======== INFORMATION
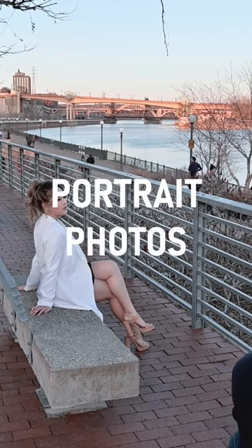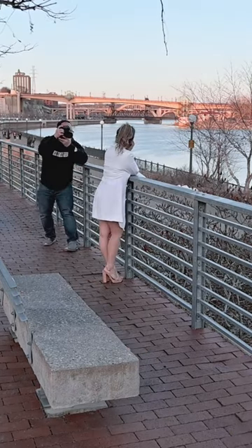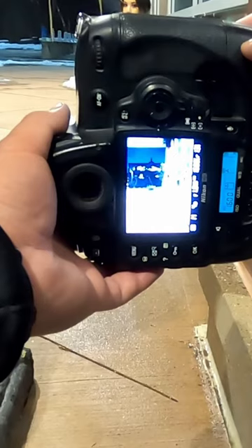How to find the best light for your portrait photos. As a photographer, I'm always considering the best lighting for my photos, especially for portraits.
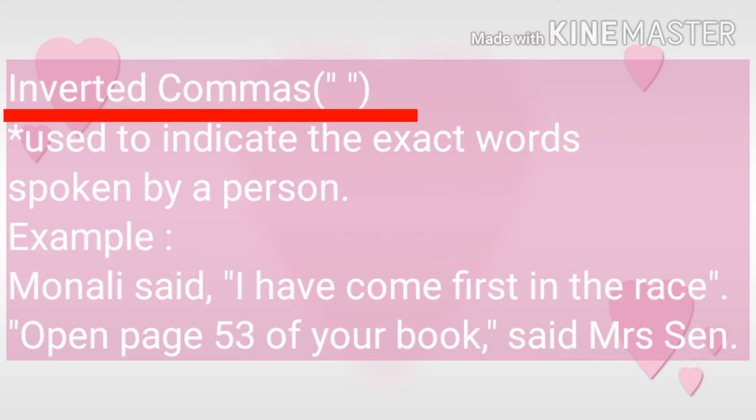"Open page 53 of your book," said Mrs. Sane. What did Mrs. Sane say? She said the exact words: "Open page 53 of your book," which we have written in inverted commas.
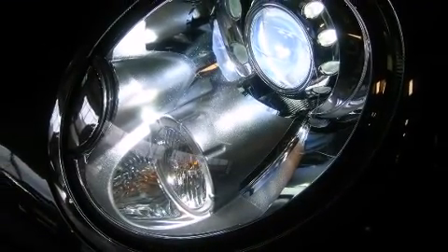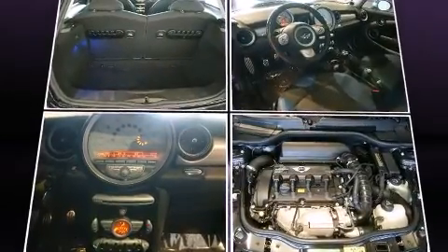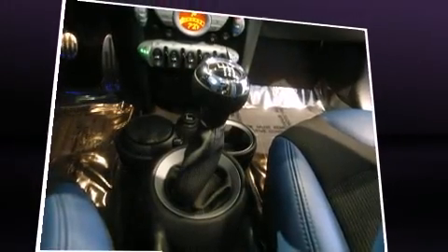Storage solutions are integrated throughout the interior, demonstrating thoughtful attention to detail. Passengers are protected by various safety and security features, including traction control, ignition disabling, and four-wheel disc brakes with ABS.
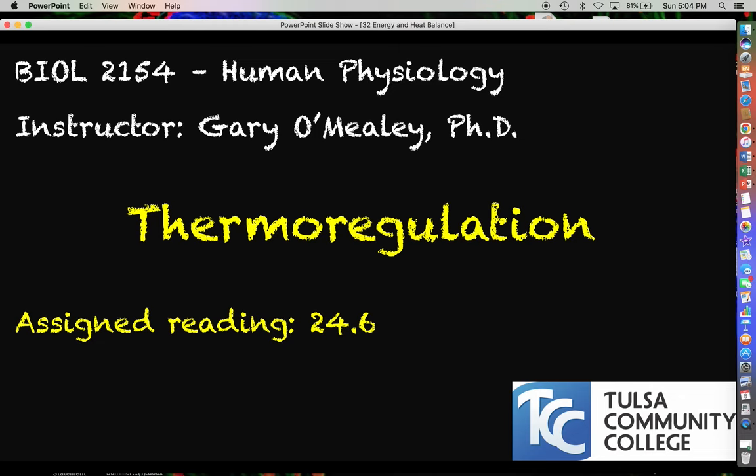Hello everyone, my name is Gary O'Meally and in this video we are going to talk about thermoregulation. This lecture is going to be a mixture of ideas that we've already talked about in our very first lecture on homeostasis, plus a couple of extra new ideas from your general biology days that I think will tie everything together and give you a good appreciation for sources of heat in the body, how heat is lost, and how the body coordinates homeostatic mechanisms to strike a good balance between heat gain and heat loss.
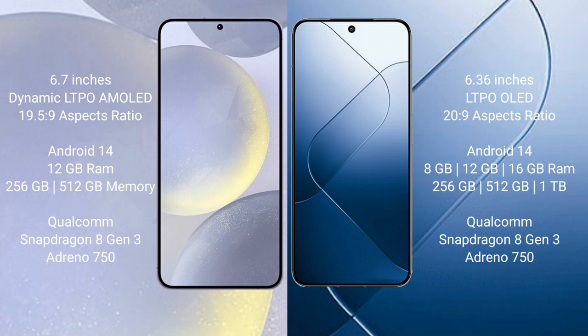Samsung Galaxy S24 Plus runs on the Android 14 operating system. Xiaomi 14 also runs on the Android 14 operating system.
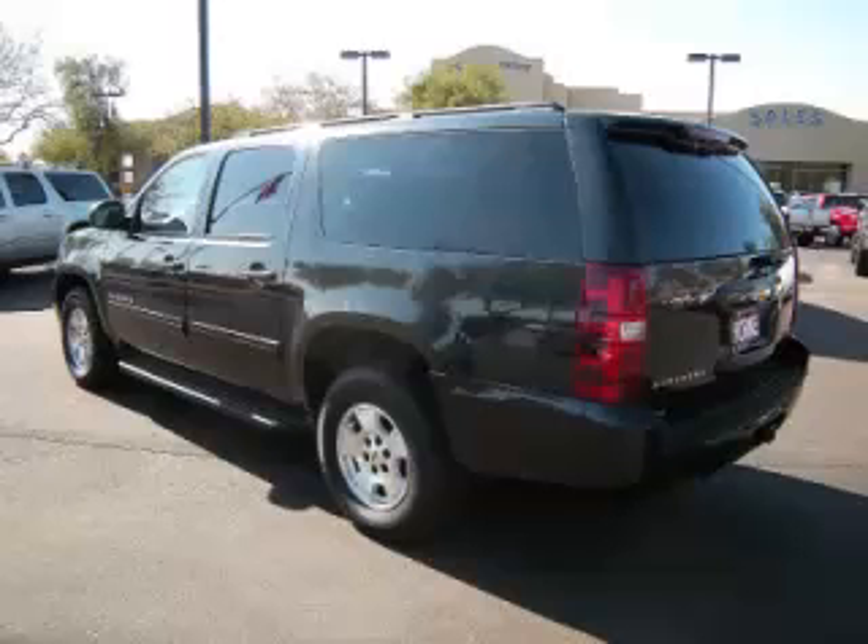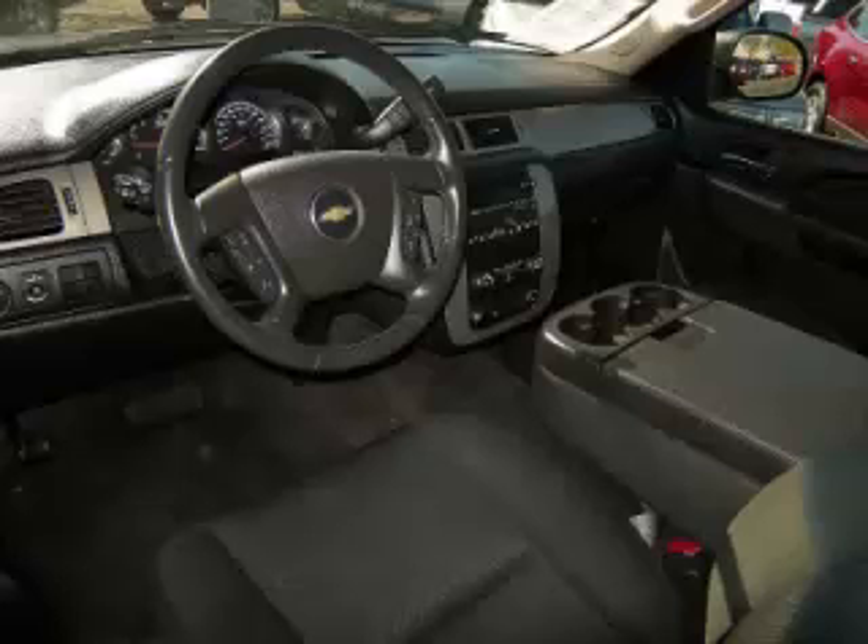Complete with a 5.3 liter V8 engine, top features include trailer hitch, traction control, tinted windows, third row seats, and roof rack. Are you ready to experience this vehicle for yourself?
================
Restate each entry word for word; omit the pictures.

▶ [FINISHED TASK]:
How to find the best light for your portrait photos. As a photographer, I'm always considering the best lighting for my photos, especially for portraits.
"Open page 53 of your book," said Mrs. Sane. What did Mrs. Sane say? She said the exact words: "Open page 53 of your book," which we have written in inverted commas.
Storage solutions are integrated throughout the interior, demonstrating thoughtful attention to detail. Passengers are protected by various safety and security features, including traction control, ignition disabling, and four-wheel disc brakes with ABS.
Hello everyone, my name is Gary O'Meally and in this video we are going to talk about thermoregulation. This lecture is going to be a mixture of ideas that we've already talked about in our very first lecture on homeostasis, plus a couple of extra new ideas from your general biology days that I think will tie everything together and give you a good appreciation for sources of heat in the body, how heat is lost, and how the body coordinates homeostatic mechanisms to strike a good balance between heat gain and heat loss.
Samsung Galaxy S24 Plus runs on the Android 14 operating system. Xiaomi 14 also runs on the Android 14 operating system.
Complete with a 5.3 liter V8 engine, top features include trailer hitch, traction control, tinted windows, third row seats, and roof rack. Are you ready to experience this vehicle for yourself?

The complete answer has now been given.